*** Opening of DATA ***

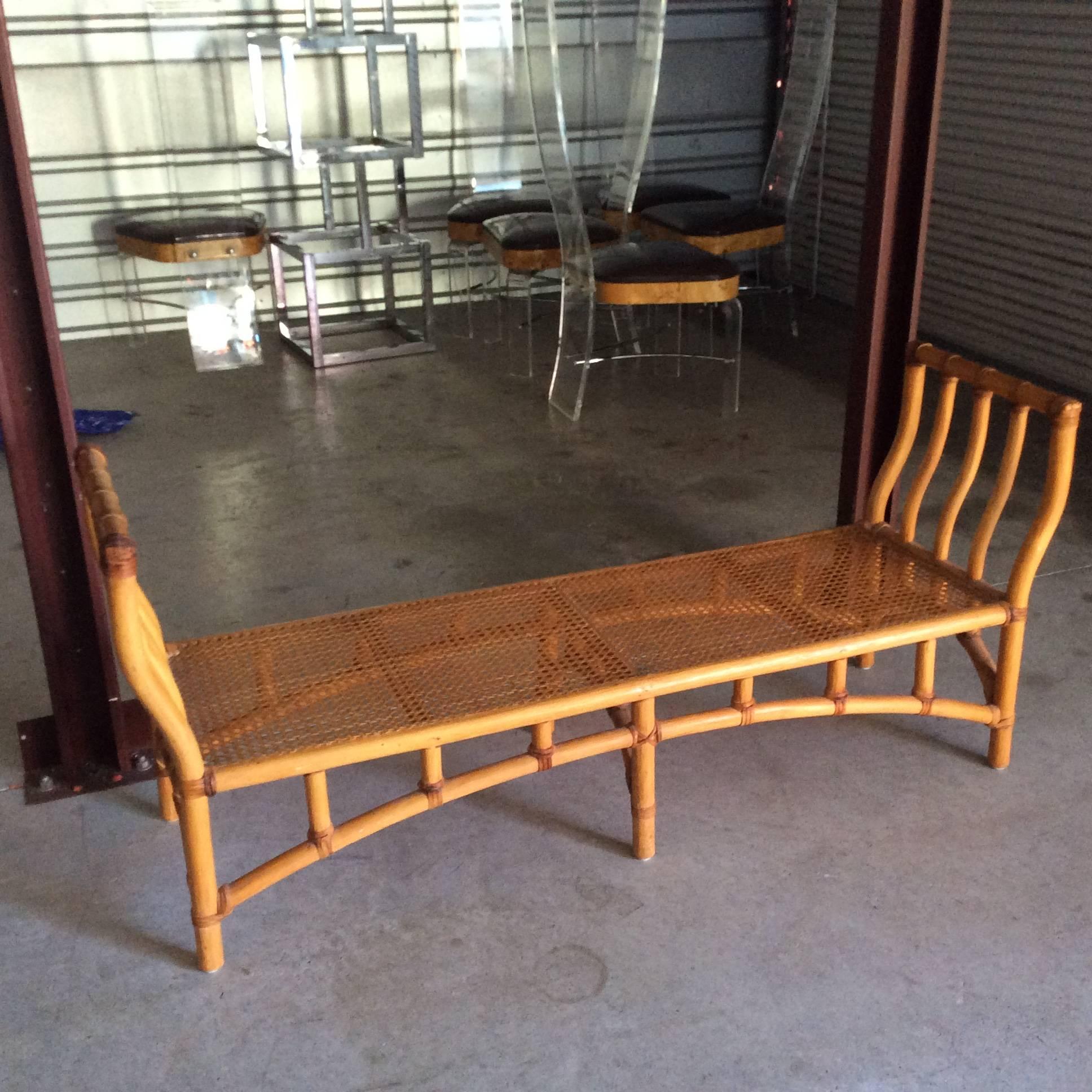 Lovely rattan faux bamboo bench perfect for the end of the bed, entry or foyer, porch or patio, etc. Cane set is in excellent condition as well! Leave as is or add a pretty cushion! 
Hollywood Regency, Palm Beach, chinoiserie, Chinese Chippendale,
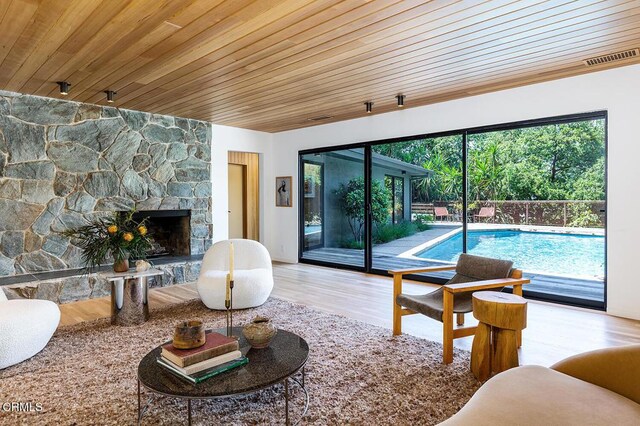 808 Inverness Dr, La Canada Flintridge, CA 91011 - living room featuring healthy amount of natural light, wood finished floors, a fireplace, and wood ceiling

*** Close of DATA ***

**EXERCISE**
Every line of the data should be copied as it stands, without the images.

**EXPECTED ANSWER**
 Lovely rattan faux bamboo bench perfect for the end of the bed, entry or foyer, porch or patio, etc. Cane set is in excellent condition as well! Leave as is or add a pretty cushion! 
Hollywood Regency, Palm Beach, chinoiserie, Chinese Chippendale,
 808 Inverness Dr, La Canada Flintridge, CA 91011 - living room featuring healthy amount of natural light, wood finished floors, a fireplace, and wood ceiling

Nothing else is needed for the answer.